Tedavi, ömür boyu devam eder. İlk basamağını, farkındalık ve yaşam değişikliği oluşturur. Düzenli takipler sayesinde, bazı koşullarda hap tedavilerini bırakabilen hastalar olabilir. İnsülin direnci bulunan bireylerin, hastalık hakkında iyi bilgiye sahip olmalı, kilo kontrolü sağlayıp, egzersiz yapmalı, kullandıkları ilaçların etki ve yan etki mekanizmalarını sağlık çalışanlarından detaylı bir şekilde öğrenmeleri gerekir.

İNSÜLİN DİRENCİ

RİSK FAKTÖRLERİ

- Aşırı kilo

- 45 yaş ve üzerinde olmak

- Aile öyküsü

- Yüksek tansiyon ve kolesterol

- Daha önce kalp hastalığı veya inme geçirmiş olmak

- Polikistik over sendromlu kadın

- Gestasyonel diyabet öyküsü

- Metabolik sendrom

BELİRTİLER

- Yemek yedikten sonra bile geçmeyen açlık hissi

- Sık sık idrara çıkma ve miktarında artış

- El ve ayaklarda karıncalanma hissi

- Sık sık enfeksiyonlara maruz kalma

- Ağır bir yemek sonrasında gereğinden fazla uykulu ve yorgun hissetme

- Yemek sonrası terleme

- Kilo alımının kontrolden çıkması

- Sürekli tatlı yeme isteği

- Koltuk altı, kasık ve boyun bölgelerinde cilt renginde kararmalar

- Bel çevresinin zamanla genişlemesi

İNSÜLİN DİRENCİ
Bu sorunla yaşayanlara öneriler

- Glisemik indeksi düşük besinler tüketmeye özen gösterin.

- Düzenli egzersiz yapın, en az 30 dakikalık yürüyüşlere çıkın.

- Şeker miktarı yüksek meyveleri tüketmekten kaçının.

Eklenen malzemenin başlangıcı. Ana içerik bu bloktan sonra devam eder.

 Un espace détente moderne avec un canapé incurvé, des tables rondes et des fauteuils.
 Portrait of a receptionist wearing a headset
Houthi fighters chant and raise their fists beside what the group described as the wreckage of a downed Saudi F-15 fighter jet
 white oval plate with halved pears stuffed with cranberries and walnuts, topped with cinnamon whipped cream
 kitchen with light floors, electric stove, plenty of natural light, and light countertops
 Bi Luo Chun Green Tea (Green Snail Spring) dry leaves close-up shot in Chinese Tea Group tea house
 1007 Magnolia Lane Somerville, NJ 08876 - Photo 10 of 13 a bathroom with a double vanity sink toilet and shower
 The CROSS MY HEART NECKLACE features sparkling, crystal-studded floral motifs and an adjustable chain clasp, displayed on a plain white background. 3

- Güne mutlaka sağlıklı bir kahvaltı yaparak başlayın. Üç ana, üç ara öğün şeklinde beslenin. Ana öğünlerde protein açısından zengin gıdalar tüketin. Kalori ihtiyacınızın yüzde 25-35’ini proteinlerden alın. Yüzde 50-65’iniyse karbonhidratlardan karşılayın.

- Tuz, şeker ve un üçlüsünü hayatınızdan çıkarın.

-n Doktor randevularınızı ihmal etmeyin.